Following reports of a number of near misses in the UK skies, including a close call over Parliament between a drone and a jet, the Metropolitan Police are considering using specially trained eagles to take down unauthorised drones.
The scheme has been trialled in the Netherlands by security company, Guard From Above, in conjunction with the Dutch police. Guard From Above released a video showcasing an eagle grabbing a drone from the air with its talons.
The force’s commissioner, Sir Bernard Hogan-Howe saw the video and liked what he saw and asked a senior officer to investigate its feasibility.
Guard From Above’s CEO, Sjoerd Hoogendoorn, said: “These birds are used to meeting resistance from animals they hunt in the wild, and they don’t seem to have much trouble with the drones.
The trials are proving to be an expensive affair, however, given the cost of drones and the eagles’ propensity for destroying the unmanned aerial vehicles.

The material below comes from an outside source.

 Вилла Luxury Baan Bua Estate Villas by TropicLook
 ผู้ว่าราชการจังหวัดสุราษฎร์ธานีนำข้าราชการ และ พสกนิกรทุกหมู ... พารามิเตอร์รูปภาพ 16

Mr Hoogendoorn said: “The real problem we have is that they destroy a lot of drones; it’s a major cost of testing.”
A spokesperson for the Metropolitan Police commented: ““As would be expected in an organisation that is transforming we take an interest in all innovative new ideas and will of course be looking at the work of the Dutch police use of eagles.”
The misuse of drones has hit the headline in recent months. In November, the Ministry of Justice reported that a drone had been recovered by prison guards at HMP Manchester that had been used to smuggle mobile phones, SIM cards and drugs.
It has also been suggested by London-based think tank, the Remote Control Project, that drones could be used to carry out terrorist attacks.
Further trials will be required before the British or Dutch Police have the eagles policing the skies with a decision expected by the end of the year.